Add more FeatureTable data types to q2-sample-classifier?

cduvallet · August 15, 2018, 6:22pm

I'm starting to go through and add the percentile normalized data type (FeatureTable[PercentileNormalized]) to the relevant functions where it should be an allowable input, and noticed that q2-sample-classifier currently only accepts FeatureTable[Frequency] as input. (L83 in plugin_setup.py)

Philosophically speaking, machine learning classifiers should accept any type of feature data (presence/absence, relative abundance, etc). Practically speaking, will this break the underlying sklearn code at any point? I don't think it should (though it might produce weird results, especially in regression), but wanted to get another brain on this before submitting the PR.

Here's the commit with my proposed edits to plugin_setup.py.

Nicholas_Bokulich · August 15, 2018, 6:57pm

some algorithms (e.g., SVMs I believe) can be very sensitive to different normalization techniques, others (e.g., random forests) are generally pretty robust. So FeatureTable[Frequency] is sort of a safer default until we can think through whether all the various table formats are appropriate input formats.

That said, I am also happy to open this up to all formats and let users decide for themselves what to do, provided we test this.

I think not, but I suppose it's possible.

that pretty much encapsulates my concerns — do not want to open it up until tested.

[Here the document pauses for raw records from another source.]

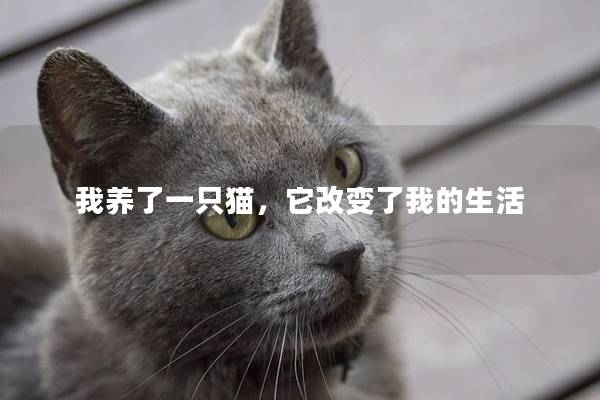 我养了一只猫，它改变了我的生活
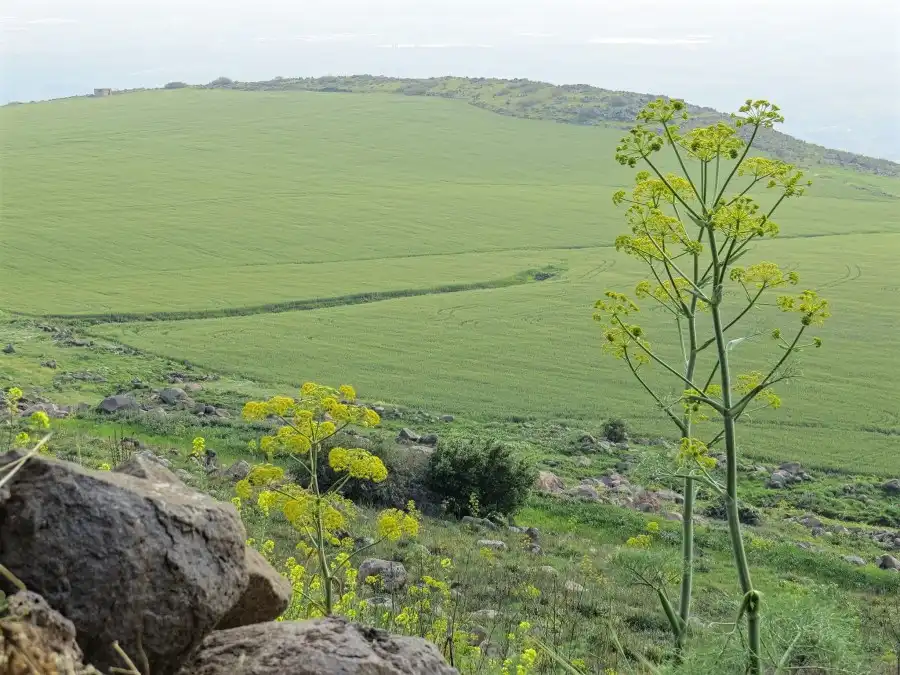 مدار الساعة,أخبار الأردن,اخبار الاردن,درجات الحرارة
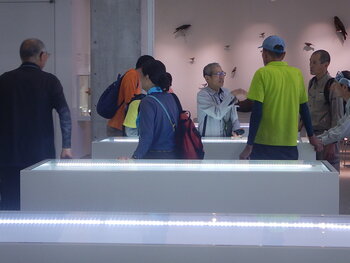 DSCN9189.JPG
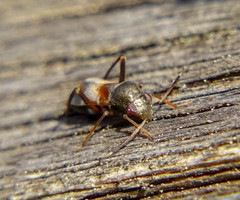 Pilophorus perplexus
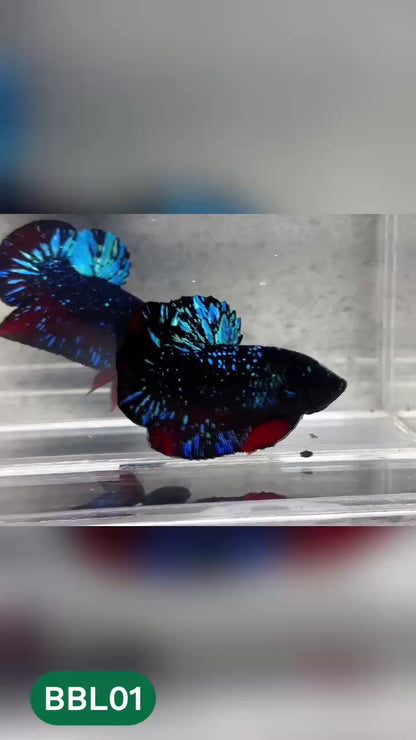 Black Star Nebula Plakat Betta | You Pick Betta | High Grade
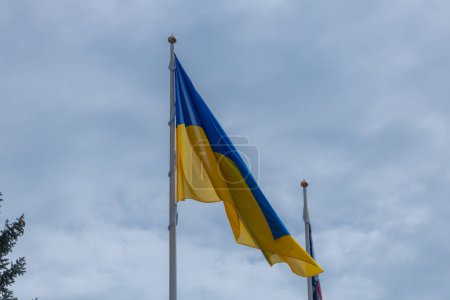 Photo for The flag of Ukraine is a big national symbol. Independence Constitution Day, National holiday. Close-up with the flag of Ukraine. - Royalty Free Image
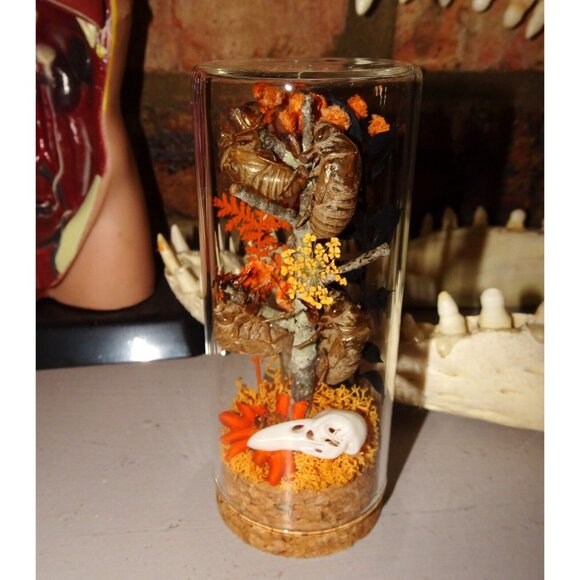 Cicada Skins Autumn Flowers Nature Art Oddity Jar mini Raven Skull goth witchy - Picture 10 of 16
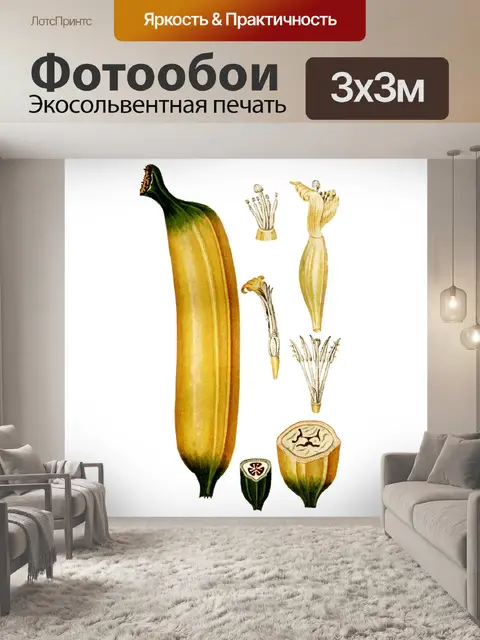 Фотообои Банановые фрукты винтажное искусство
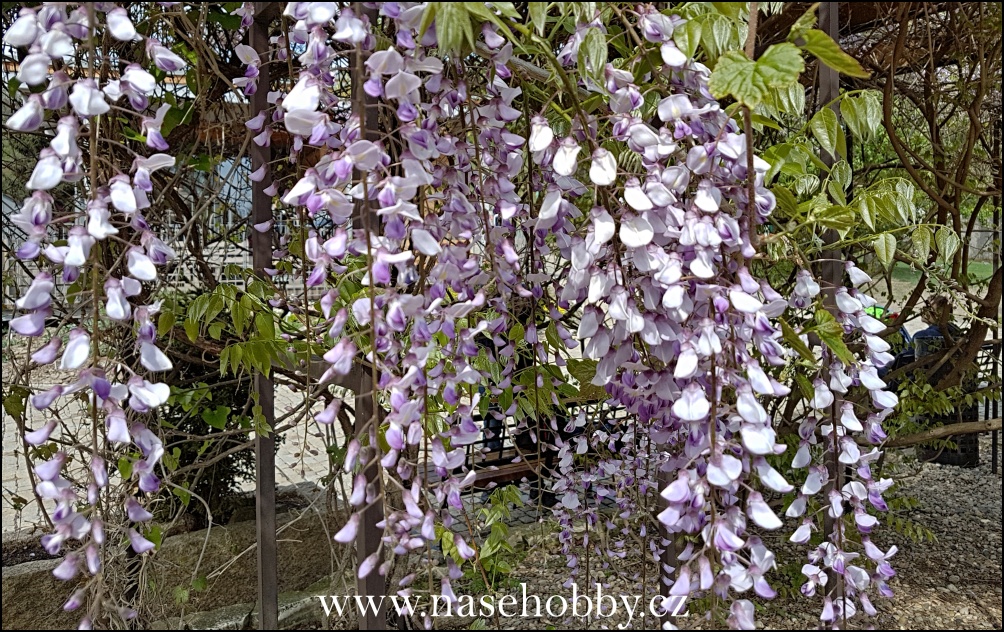 fialové květy popínavé rostliny Vistárie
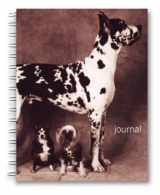 9781400045525-1400045525-Underdogs Wire-O Bound Journal (Potter Style)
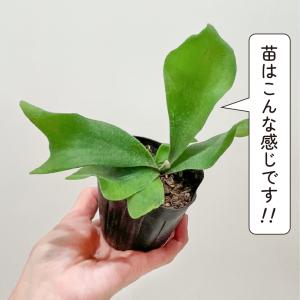 コウモリラン ビカクシダ 苔玉 観葉植物 おし...の詳細画像4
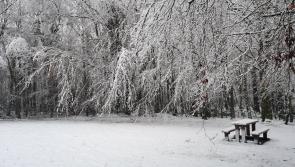 PICTURES: Ireland transforms into a picture-perfect winter wonderland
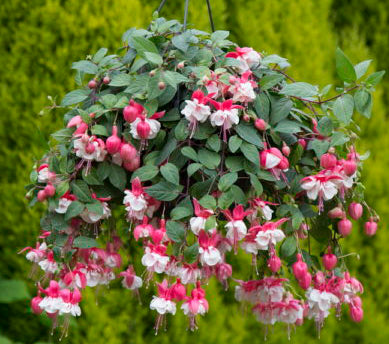 fuchsia hanging plant Fuchsia 'Swingtime' Hanging Basket- Shade
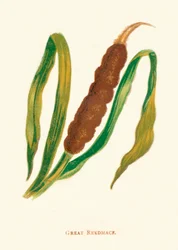 Grande massette, vers 1891, 1891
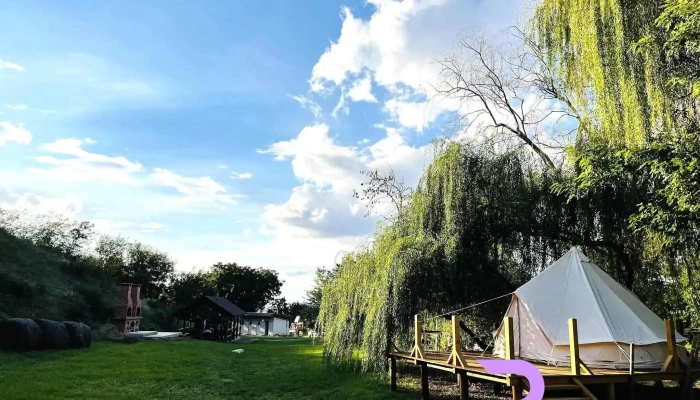 Sc Wine Road Glamping Srl -  De La Proprietar - Arad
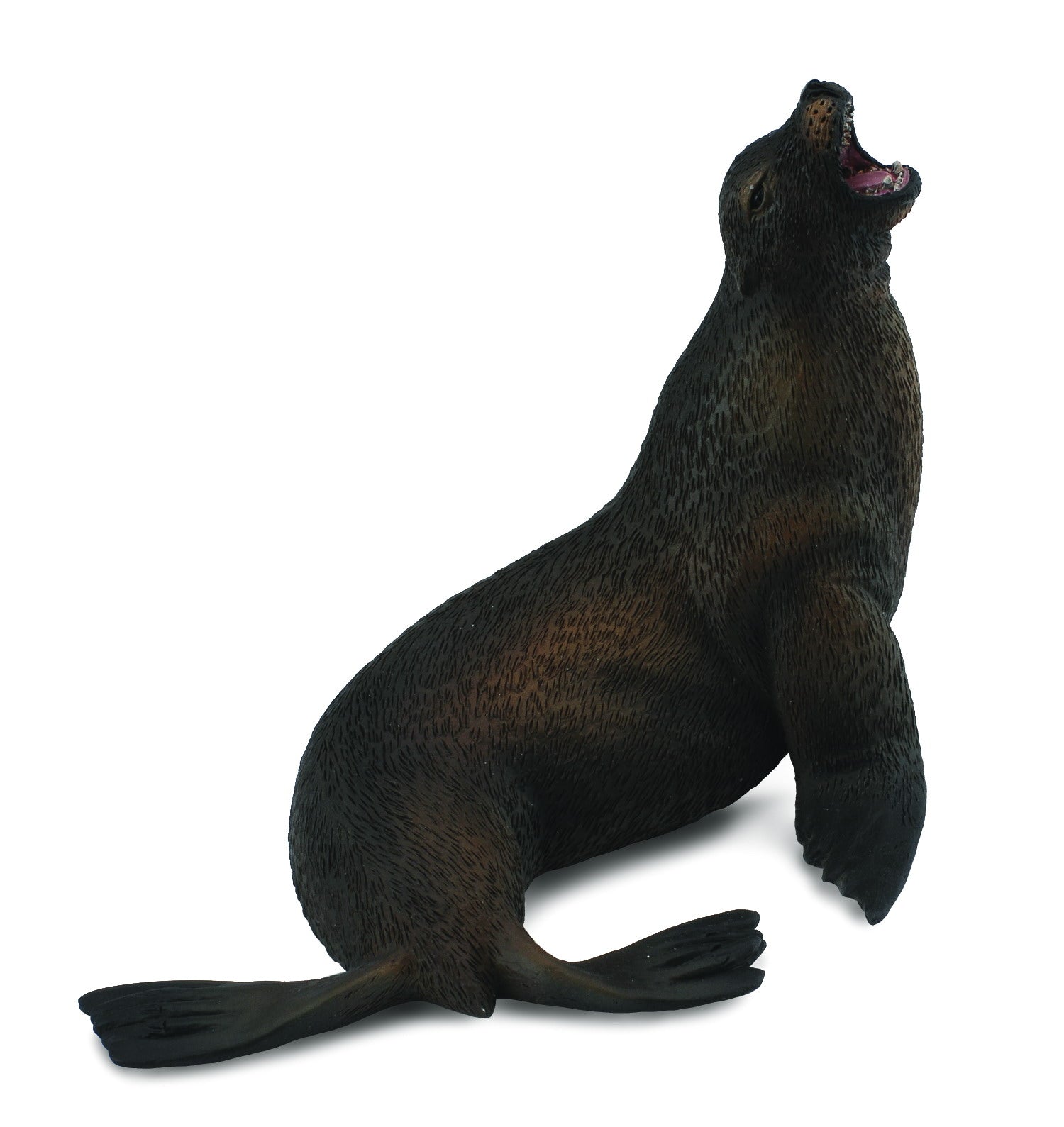 Sealion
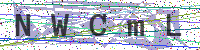 Enter Security Code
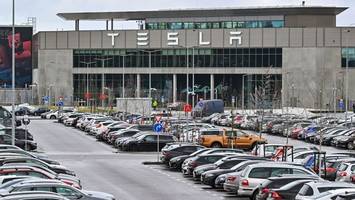 Umweltbündnis: Politik soll Tesla-Erweiterung verhindern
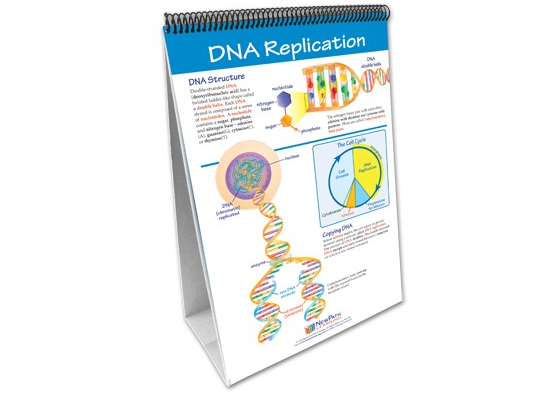 Mitosis: Cell Growth and Division Curriculum Mastery® Flip Chart Set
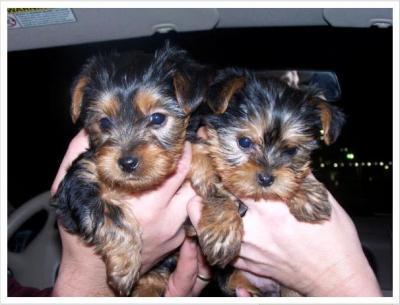 Cute And Adorable Teacup Yorkie Puppies For  Adoption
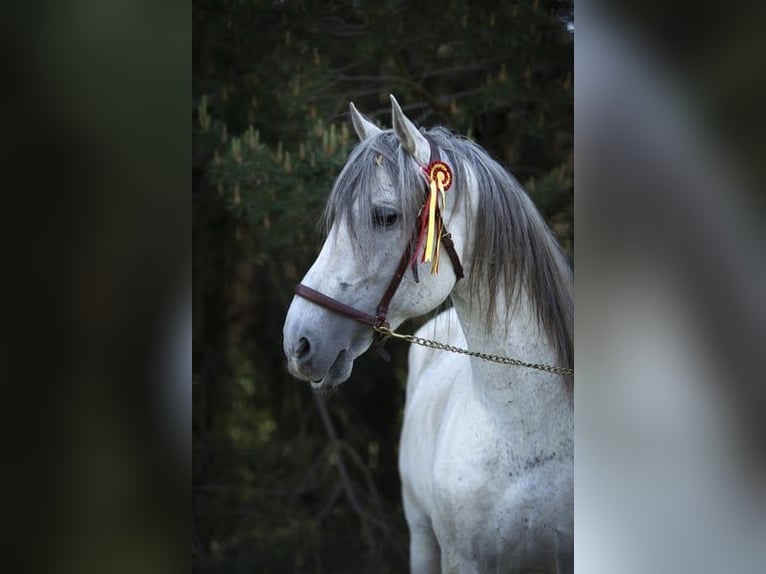 PRE Étalon 16 Ans 164 cm Gris moucheté in Leipe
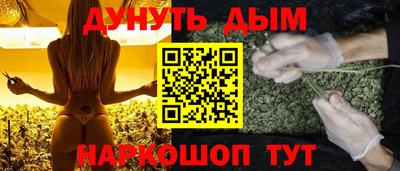 spice Моздок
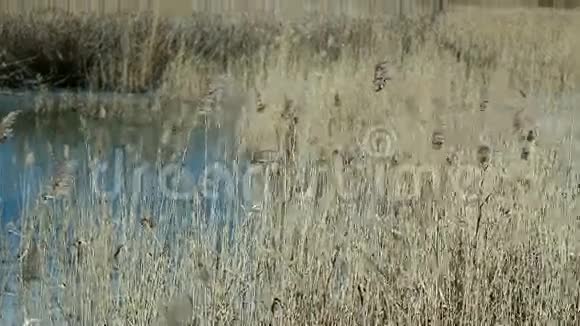 冬天在森林湖上枯死的芦苇视频的预览图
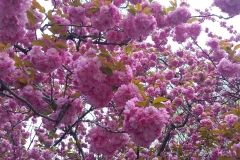 Jeffrey-Wiener_Spring-Blossoms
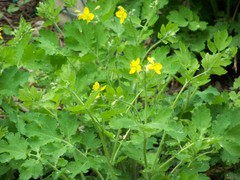 Chelidonium majus
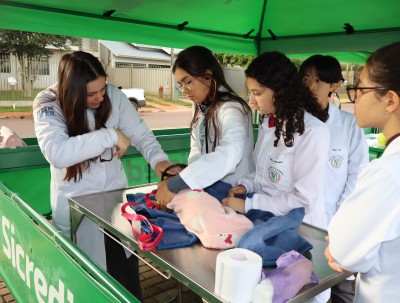 Palotina realiza intensificação de vacinação de cães e gatos no Bairro Pioneiro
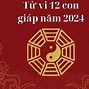 Năm 2024 Những Con Giáp Nào Tam Tai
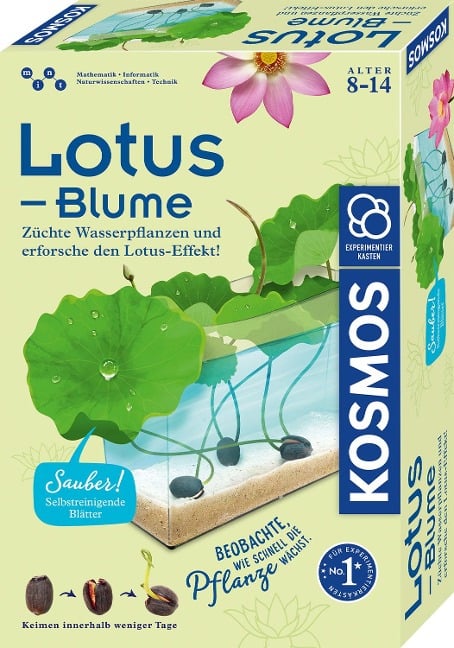 Lotus-Blume - 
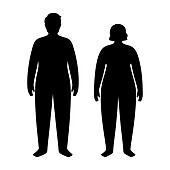 Obese woman and man, illustration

Frequency, RelativeFrequency, PresenceAbsence all definitely make sense.

Balance I am not so sure about — I suppose we can find out!

Composition is unnecessary.

PercentileNormalized you will need to tell me if it's appropriate . If there are negative values I'm not sure if/how some estimators might behave.

You can go ahead and submit that PR — and we can move further conversation over to the review. But I'll tell you now: it would be good to get some unit tests in there just to make sure these formats work. Could you construct some minimal feature tables (e.g., 3X3) for PercentileNormalized, RelativeFrequency, and PresenceAbsence and slap together a basic unit test that trains a classifier and regressor from each?

cduvallet · August 15, 2018, 8:43pm

Right, but I think it's probably outside of the scope of QIIME 2 to address these sorts of issues. If we try, I think we'll almost certainly fail to be totally exhaustive and/or keep up with different types of normalizations, so we might as well leave this up to the users to make (hopefully informed) decisions about.

I'm less familiar with Balance - is this the one where OTU abundances are converted to ratios of abundances between two parts of the tree? I wonder if this will introduce weird correlated features that would violate assumptions of some ML classifiers...? Anyone we can ask who would know?

Definitely appropriate!

What do you mean by "work"? Do you mean that they don't throw errors when you put them into sklearn, or that they produce meaningful results? But yes, that sounds fine to do!

Ok, will remove Composition and submit the PR.

Nicholas_Bokulich · August 15, 2018, 10:10pm

agreed, we can't control all of these situations, though that's sort of what the semantic types are meant to address, so limiting formats that just don't ever make sense (e.g., maybe Balances???) is responsible.

@mortonjt — do you have any thoughts on this?

At least that they don't throw errors — meaningful results would be nice but that is out of scope here I think. We just want to make sure that the different formats are compatible with different estimators. I will follow up in that PR with some thoughts on this.

Thank you!

mortonjt · August 17, 2018, 7:42pm

wrt to the correlated features, it's the other way around -- the features are already correlated since they are proportions. The question is how can one properly account for the sample space. The ilr actually removes these sorts of constraints.

philr has some benchmarks comparing different machine learning techniques against ilr transformed data, and it seems to boost accuracy: A phylogenetic transform enhances analysis of compositional microbiota data | eLife

The biggest thorn against these sorts of approaches are properly dealing with zeros, which can still be tricky to deal with. But there are multiple legit ways around this -- will be happy to discuss if there is interest.